Caso oblicuo o wishful thinking aparte, esas fioriture de nuestra orto-grafía tropical, floraciones silvestres de la(s) lengua(s) o manieristas volutas del pincel, cual loca enredadera o esos misteriosos entramados de grafía árabe que dieron un toque serenamente abstracto, tempranamente alternativo a siglos de pomposas figuras aladas o arropadas, son arbotantes que apuntalan el habitar poético en la expuesta casa del ser, que hacen de la lengua materna (condition humaine por excelencia) una personalizada lengua matriz en el acto singular de crear texto o textura –lenguaje oral o escrito, imágenes visuales, auditivas o táctiles– o de forjar existencia carismática en habitaciones poéticas insulares, cuasinsulares, peninsulares, extrainsulares o ultraterrestres como la Azotea de Reina y el Espacio Aglutinador de Sandra en La Habana, la Casa de la Vigía en Matanzas y la de la Trova en Santiago, o el Café Nostalgia en Miami, o en ciertos lugares textuales o virtuales como fueron en su día las revistas Pensamiento Crítico y Credo, y antes Cuba Contemporánea, Avance y Orígenes, y siguen siendo hoy Vivarium y Vigía, (y ojalá cada vez más Unión y La Gaceta de Cuba), en la Isla, así como Encuentro y Espejo de Paciencia en España, Crítica en México y La Habana Elegante (bis) en el espacio cibernético: ámbitos que representan los únicos lugares comunes y amenos de la nación dispersa, entre otros muchos que sin duda han sido, son, o surgirán sub Sole (el cual se eclipsa, asediado por la Luna, en este preciso minuto del 11 de agosto de 1999 aquí frente a mi ventana cisalpina, acudiendo puntual a la cita de Nostradamus con la promesa de en unos instantes, ahorita, ahora –¡ya!– exhibirme sus tres cuartos de corona de fuego a través de unos lentes de cartón y filtro de aluminio que me impiden ver esto que escribo y que habrían servido bien a Faetón, valga la rima): lugares, esos y aquellos, de aireado vaivén de ideas, de toma-de-medida: es decir, de delicado tira-y-afloja en la dosificación del fuego robado al vanidoso Helios.
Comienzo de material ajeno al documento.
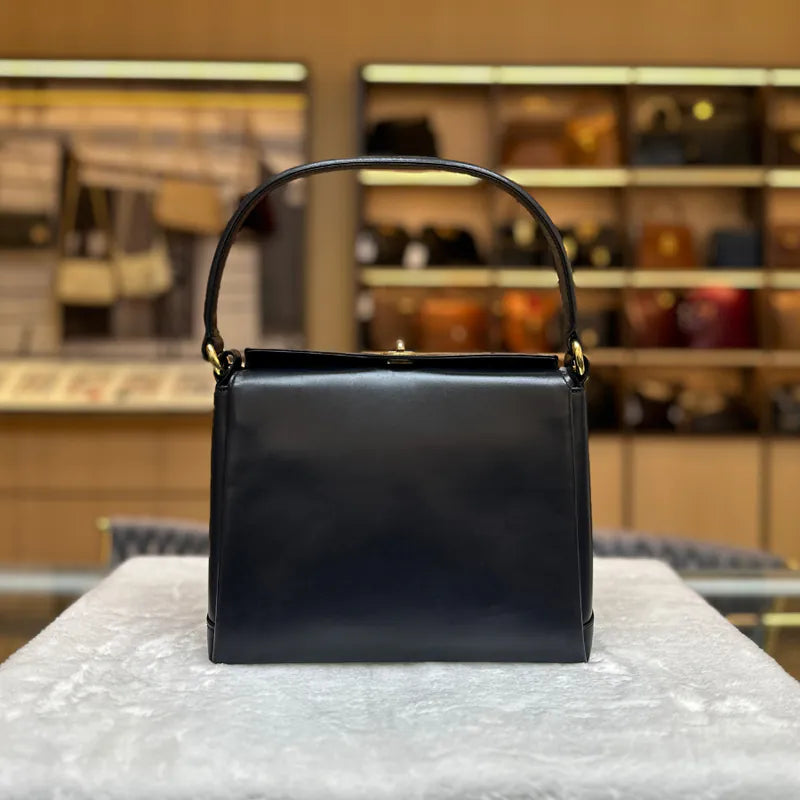 rc925-gucci-vintage-navy-leather-handbag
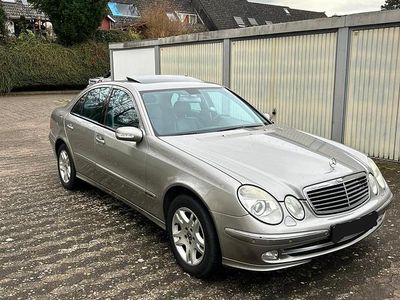 Mercedes E320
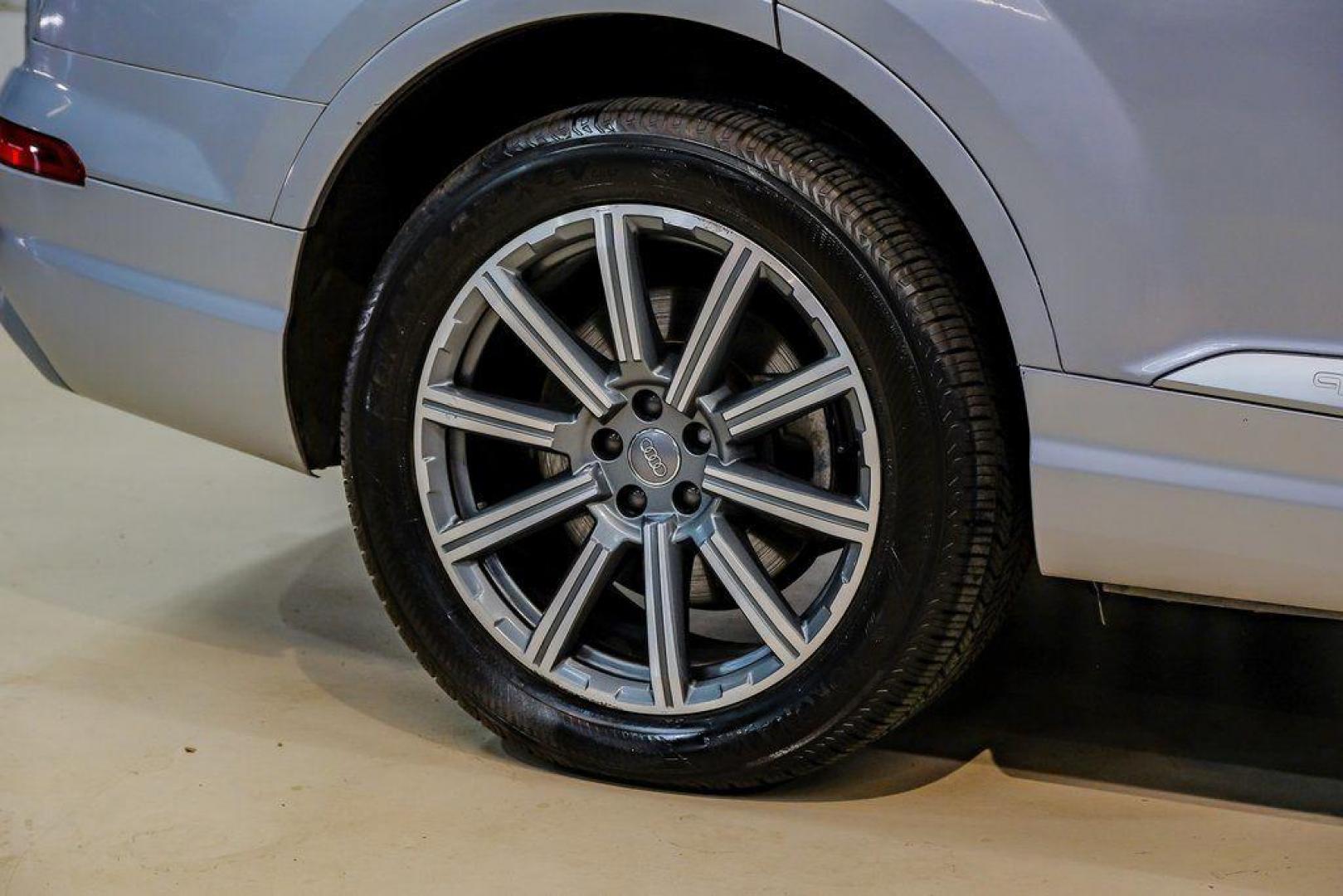 2018 Florett Silver Metallic /Black Audi Q7 2.0T Premium Plus (WA1LHAF70JD) with an 2.0L I4 TFSI DOHC engine, Automatic transmission, located at 15300 Midway Rd., Addison, TX, 75001, (972) 702-0011, 32.958321, -96.838074 - 2018 Audi Q7 3.0T Prestige Quattro<br><br>Now Available at Midway Auto Group, Addison, Texas<br><br>Luxurious, powerful, and technologically advanced the 2018 Audi Q7 Prestige Quattro represents the pinnacle of Audis three-row SUV lineup. With its supercharged V6 engine, exceptional ride quality, pr - Photo#68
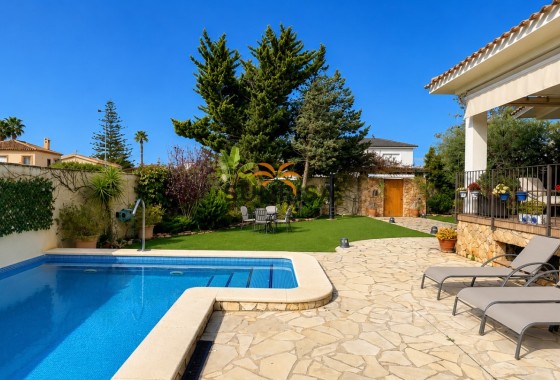 Villa · Herverkoop - Dehesa de Campoamor · Alicante · Spanje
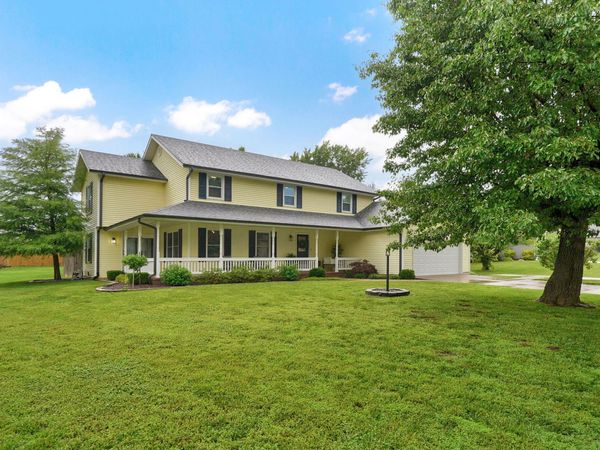 3532 W Suzanne Place , Springfield, MO 65810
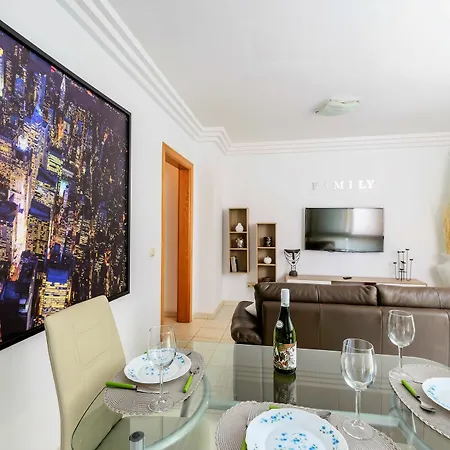 Center Apartment *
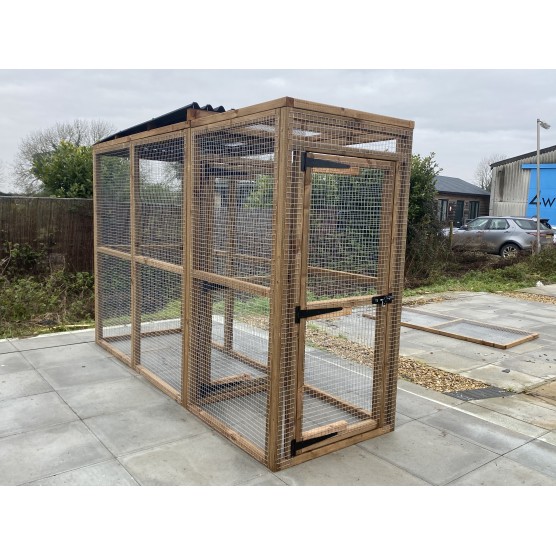 Free Standing Waterproof 16G Outdoor 6ft x 3ft Animal Rabbit Chicken Dog Pen With Safety Door 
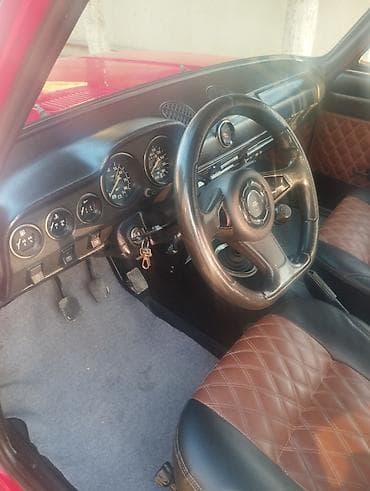 011 ucuz: VAZ (LADA) 2101: 1.7 l | 1984 il 20493 km Sedan — 10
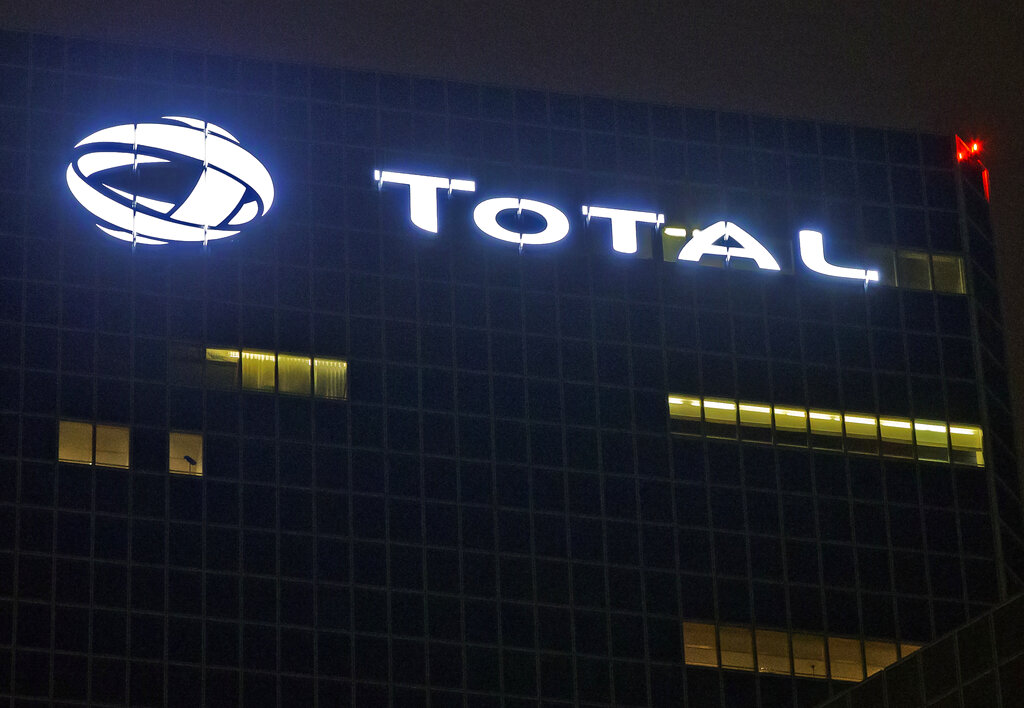 En esta fotografía de archivo del 12 de octubre de 2016 se ve el logotipo de la compañía francesa Total SA en sus oficinas generales en París. (AP)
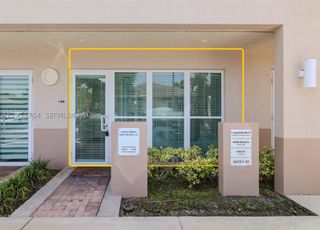 5220 S University Dr 109C, Davie, FL 33328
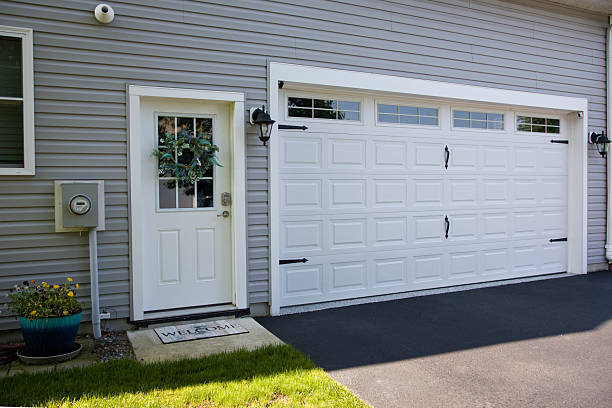 24/7 Emergency Garage Door Panel Replacement experts in Hidalgo County County, NM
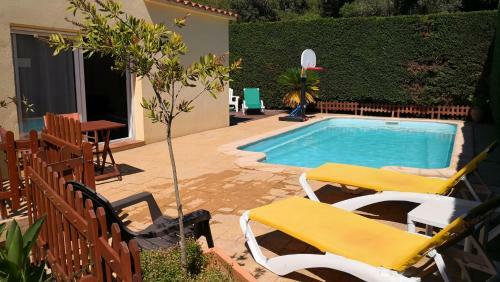 Villa Pals Carles Piscina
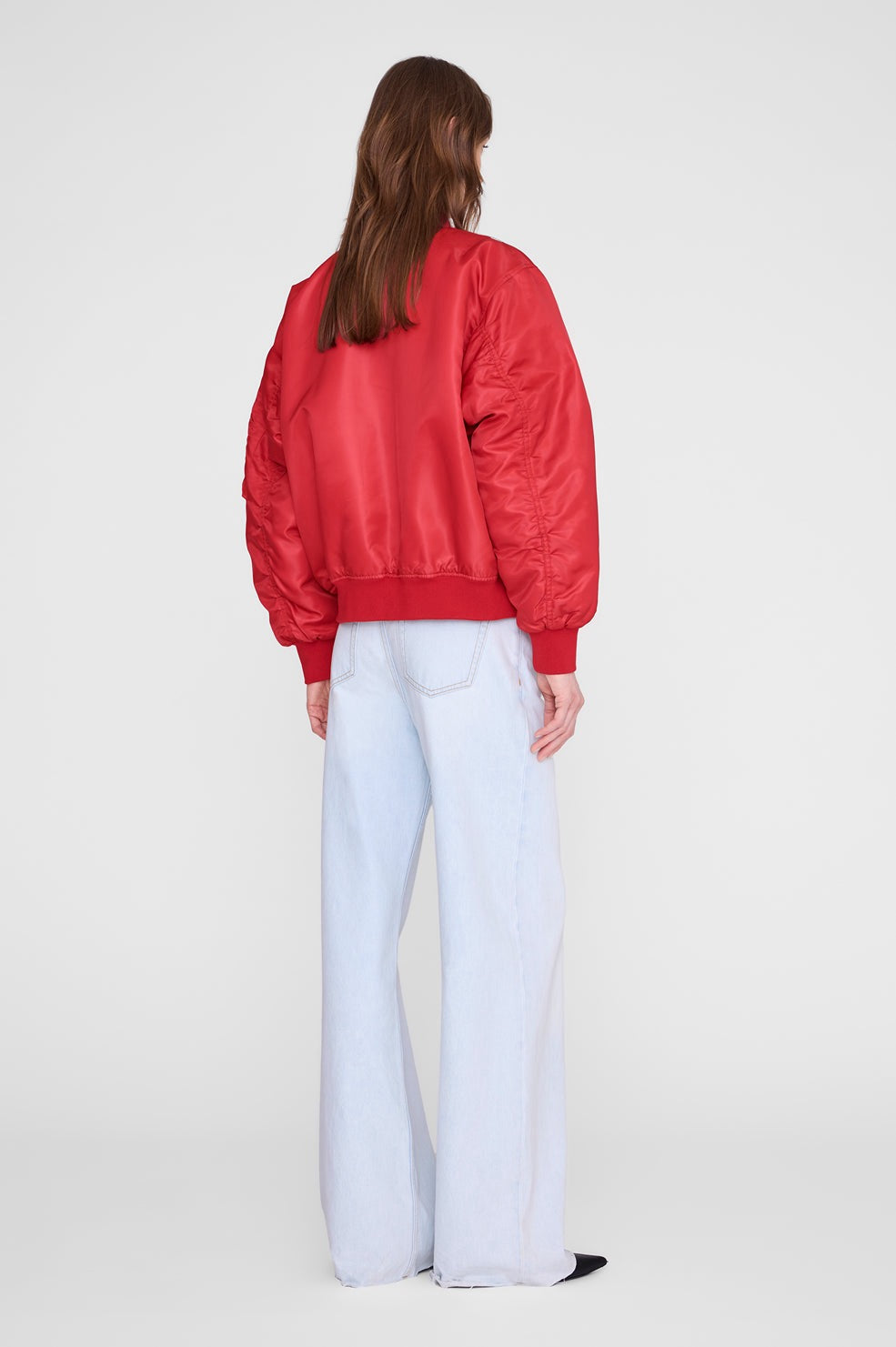 Leon bomber roja.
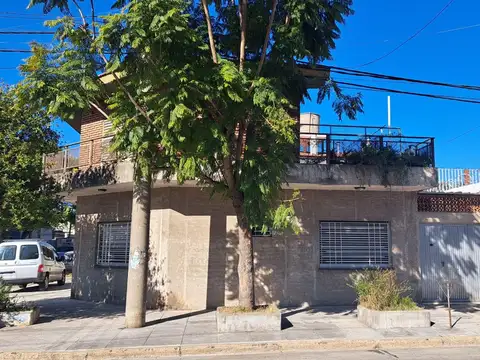 Casa de 5 ambientes a la venta en Lomas del Mirador centro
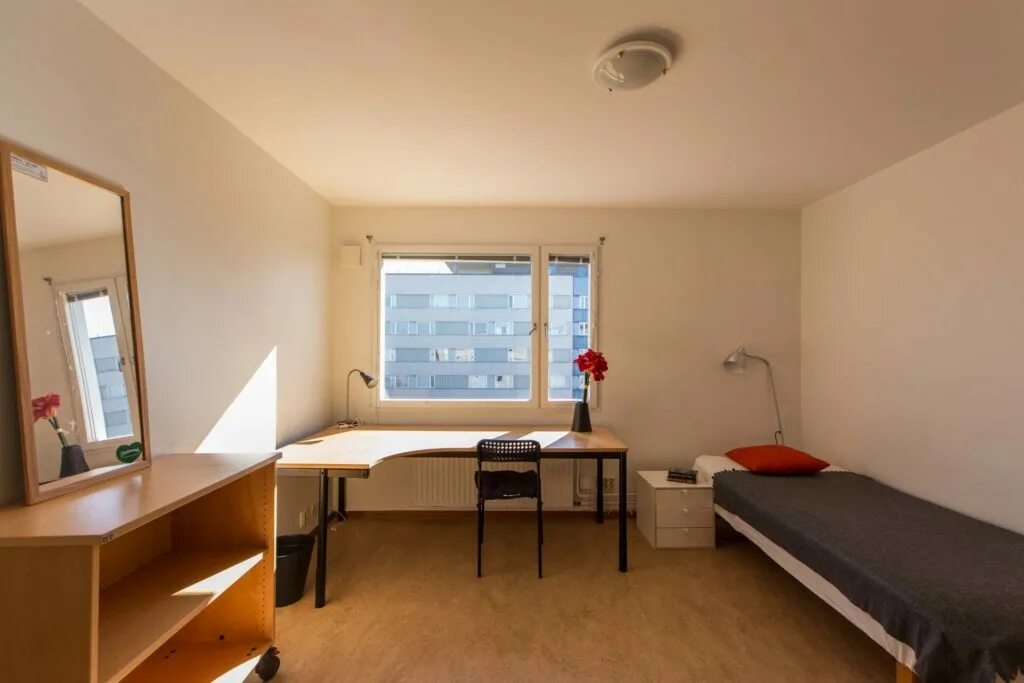 Student room. Общежитие в уппсале. rent room. аренда для студентов.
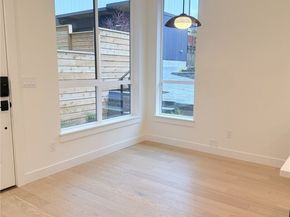 7339 21st Avenue NE, Seattle WA 98115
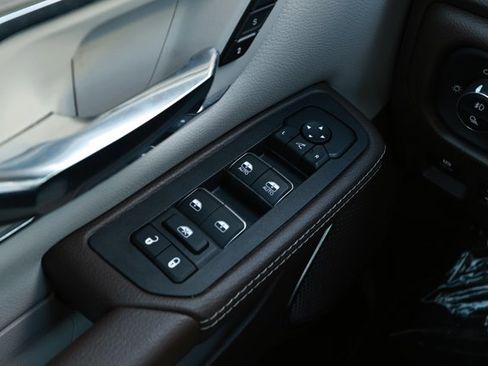 Used 2025 RAM 1500 Laramie image 22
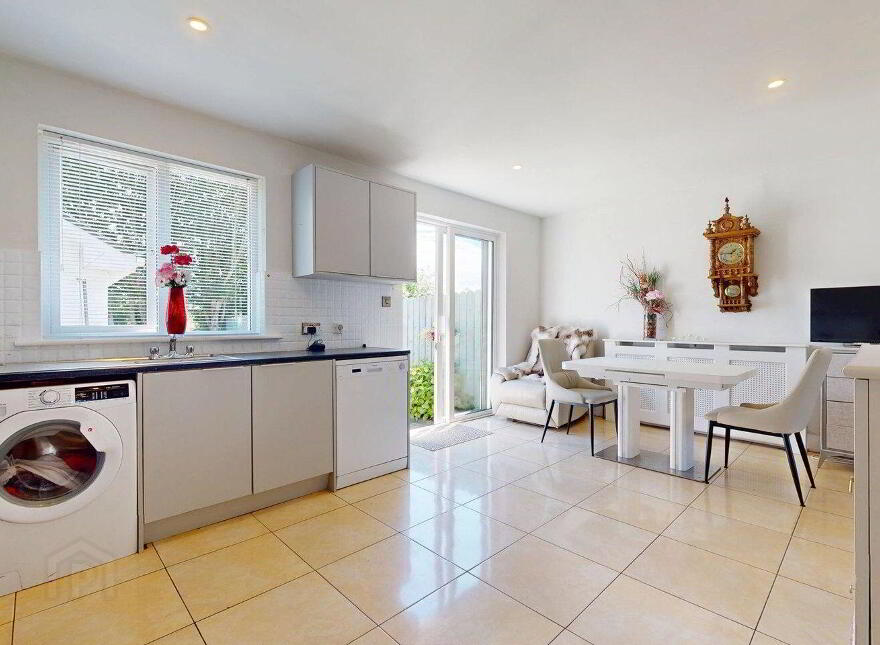 68 Victoria Place, Castlebar, F23CY95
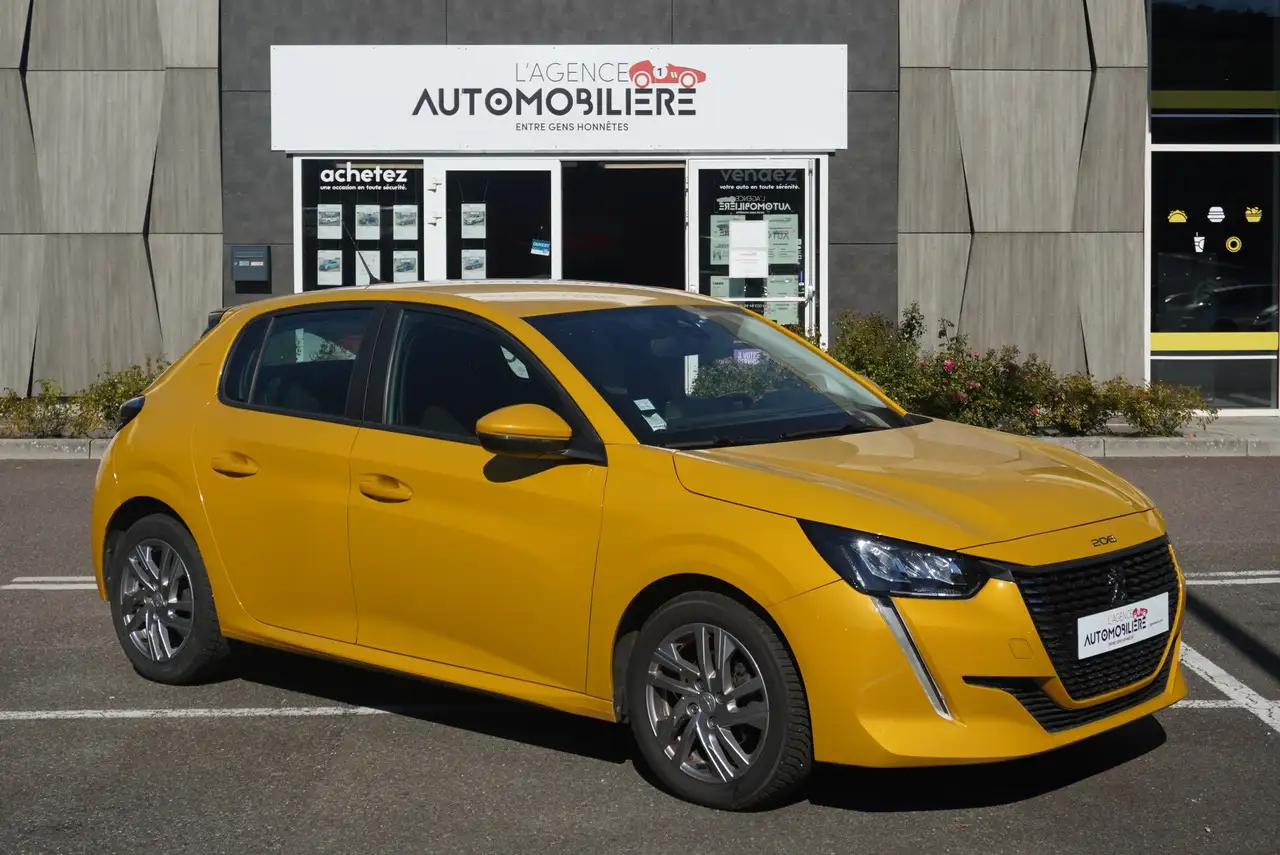 Peugeot 208 208 — photo 3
Tales líneas rectas y rizomas invitan a una deriva que discurre de orthós a hortus, huerto o jardín –orto en idioma del Dante–, locus que puede encarnar ya sea, fiel a su procedencia etimológica, la mesura o contención dentro de un margen de libre albedrío, ya sea, traidor, su revés, la proliferación exuberante, barroca u obsesiva, del sujeto (personaje o follaje). En cualquiera de estas dos versiones, el huerto ha sido en Occidente, en cuanto tópico (lugar común) en la historia de la literatura y topos de la vida amatoria, el locus amoenus, el ordenado o agreste escenario de lides de pasión casta o dadivosa, ora recoleto hortus clausus, ora prado abierto, punto de quiasma o cruce retórico-físico y de polaridad respecto de un centro irradiante y potencialmente s/cegador (un Sol de alguna índole): así el que enmarcó el encuentro de Acis y Galatea o de Dulcinea y Don Quijote, en su día, y el de Ynaca Eco Licario y José Cemí en nuestra era imaginaria. Y luego el merodeo conduce de ese sitio periférico-ideal a otro precario-real anejo al centro, lejos de la arcádica inocencia o rusticidad, en la urbe: el germano Ort, plaza mínima de asentamiento o destino: lugar no-nonsense          –adulto– donde han de madurar (o no) los frutos del jardín, sede de edificación del mérito terrestre en el campo no menos salvaje de la técnica y el poder. 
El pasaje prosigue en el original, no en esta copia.